1 Samuël
21:1 Toen kwam David naar Nob, naar de priester Achimelech, en Achimelech werd bang
bij de ontmoeting met David, en zei tegen hem: Waarom bent u alleen en nee?
man met jou?
21:2 Toen zei David tot de priester Achimelech: De koning heeft mij bevolen
zaken, en heeft tegen mij gezegd: Laat niemand iets weten van de
zaken waarover ik u zend, en wat ik u bevolen heb: en ik
hebben mijn dienaren op die en die plaats aangesteld.

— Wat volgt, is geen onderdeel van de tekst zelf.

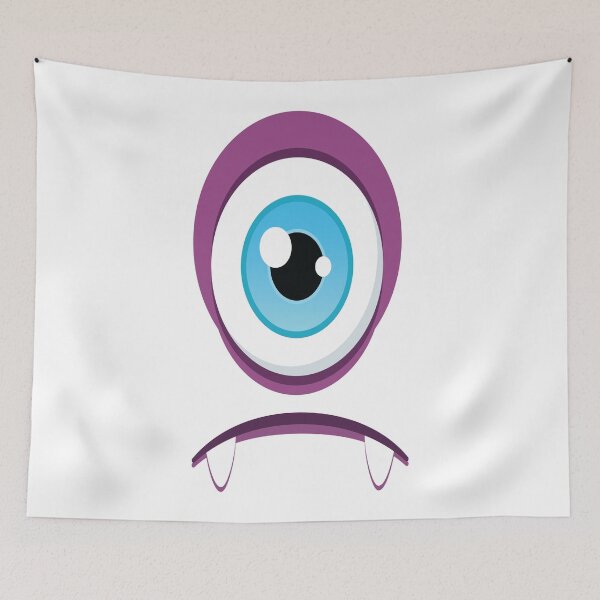 Item preview, One Eyed Purple Monster Cute Bigfoot Monsters designed and sold by ProjectX23.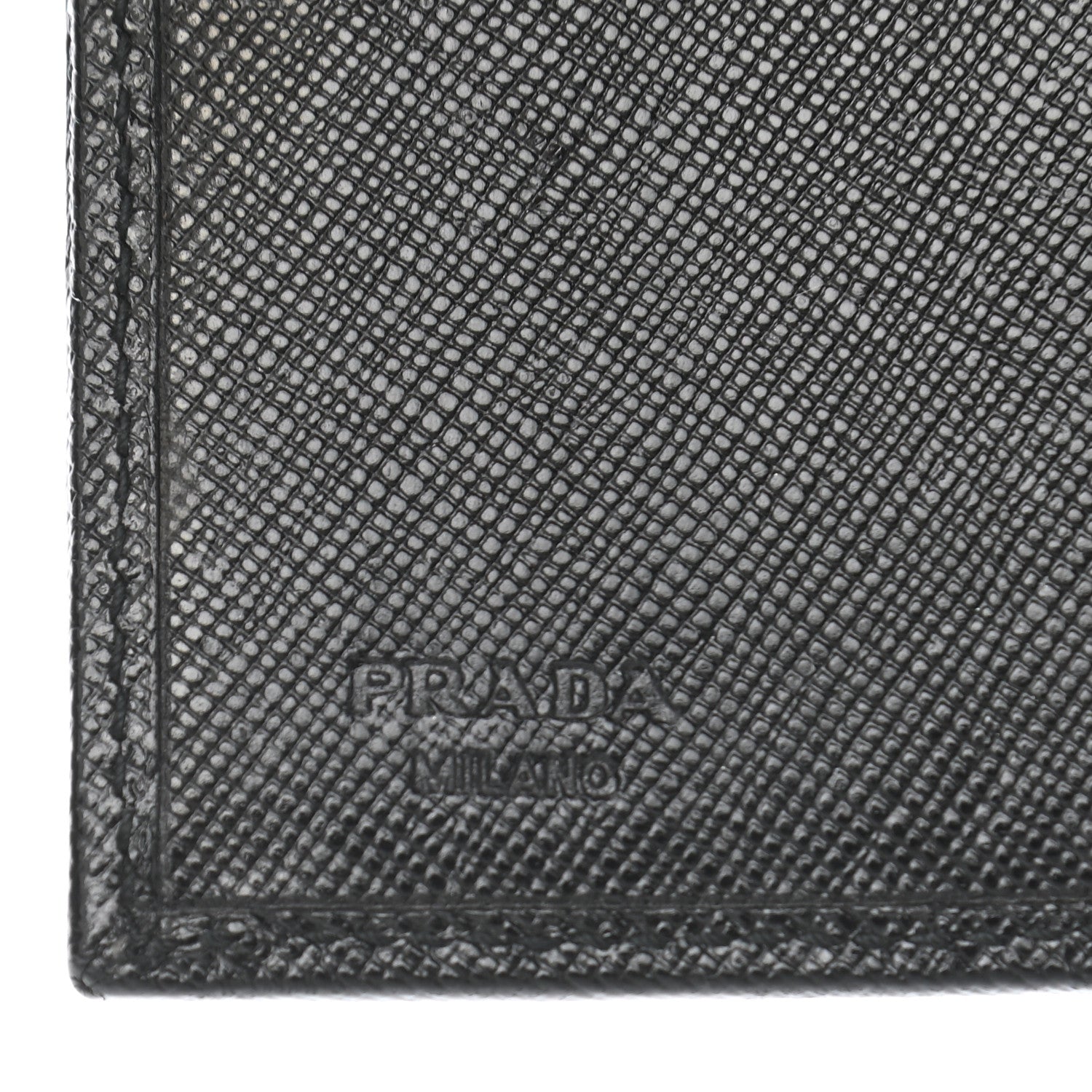 Prada Saffiano Metal Tri-Fold Wallet Black 6 of 9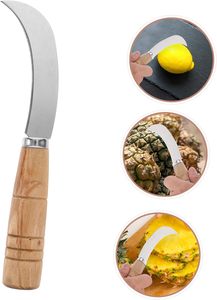 Gadget de cuisine multifonctionnel, outil de découpe de fruits avec manche en bois, coupe-ananas automatique, couteau à fruits en acier inoxydable, respectueux de l'environnement - Product Image 6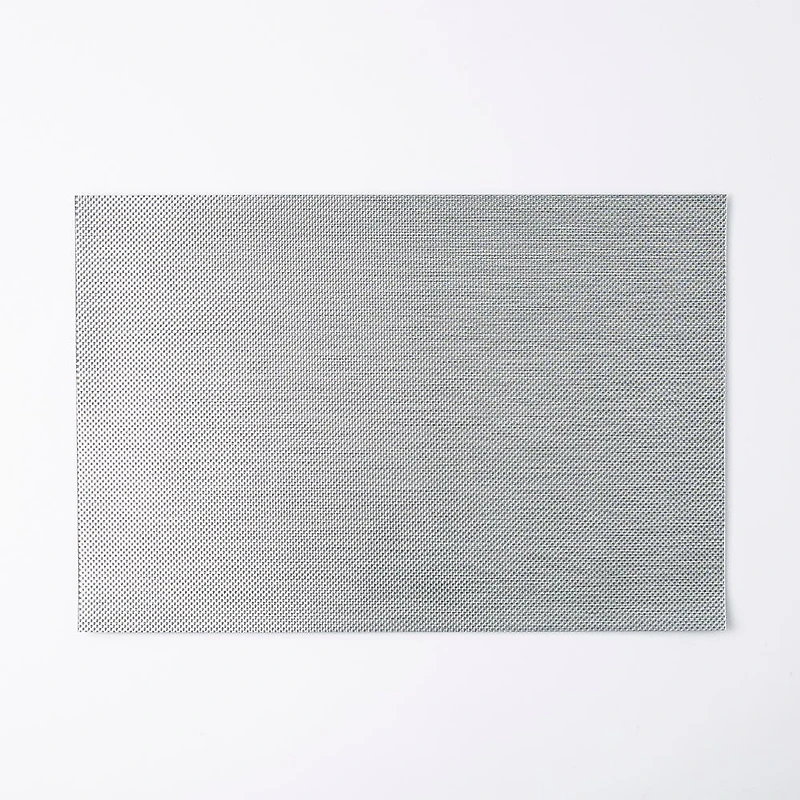KSP Ritz Metallic 'Weave' PVC Placemat (Silver)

21:3 Nu dan, wat is er onder uw hand? geef me vijf broden
mijn hand, of wat er aanwezig is.
21:4 Toen antwoordde de priester David, en zeide: Er is geen gewoon brood onder
mijn hand, maar er is heilig brood; als de jonge mannen hebben gehouden
zichzelf in ieder geval van vrouwen.
21:5 Toen antwoordde David de priester, en zei tot hem: Het is waar dat vrouwen hebben
ongeveer drie dagen voor ons achtergehouden sinds ik naar buiten kwam, en de
vaten van de jonge mannen zijn heilig, en het brood is in zekere zin gewoon,
ja, hoewel het heden in het vat geheiligd was.
21:6 Toen gaf de priester hem geheiligd brood; want er was daar geen brood dan
het toonbrood, dat van voor het aangezicht des HEEREN genomen was, om er heet brood in te doen
de dag dat het werd weggenomen.
21:7 Nu was daar die dag een zekere man van de dienaren van Saul, vastgehouden
voor de HERE; en zijn naam was Doëg, een Edomiet, de voornaamste van de
herders die aan Saul toebehoorden.
21:8 Toen zei David tot Achimelech: En is hier niet onder uw hand?
speer of zwaard? want ik heb noch mijn zwaard, noch mijn wapens meegebracht
mij, omdat de zaken van de koning haast vereisten.
21:9 En de priester zei,”Het zwaard van Goliath, de Filistijn, dien gij
in het dal van Elah, zie, het is hier in een doek gewikkeld
achter de efod: als u die wilt nemen, neem hem dan, want er is geen andere
bewaar dat hier. En David zeide: Zo is er geen; geef het mij.
21:10 Toen stond David op, en vluchtte die dag uit vrees voor Saul, en ging naar Achis
de koning van Gath.
21:11 Toen zeiden de dienaren van Achis tot hem: Is dit niet David, de koning van?
het land? zongen ze niet een voor een van hem in dansen, zeggende:
Saul heeft zijn duizenden verslagen en David zijn tienduizenden?
21:12 En David legde deze woorden in zijn hart, en was zeer bevreesd
Achis, de koning van Gath.
21:13 En hij veranderde zijn gedrag tegenover hen, en deed alsof hij gek was
hun handen, en krabbelden op de deuren van de poort, en lieten zijn speeksel
vallen op zijn baard.
21:14 Toen zei Achis tot zijn dienaren: Zie, u ziet dat de man gek is; waarom?
heb je hem dan bij mij gebracht?
21:15 Heb ik krankzinnigen nodig, dat gij deze kerel hebt gebracht om gek te spelen
man in mijn aanwezigheid? zal deze kerel in mijn huis komen?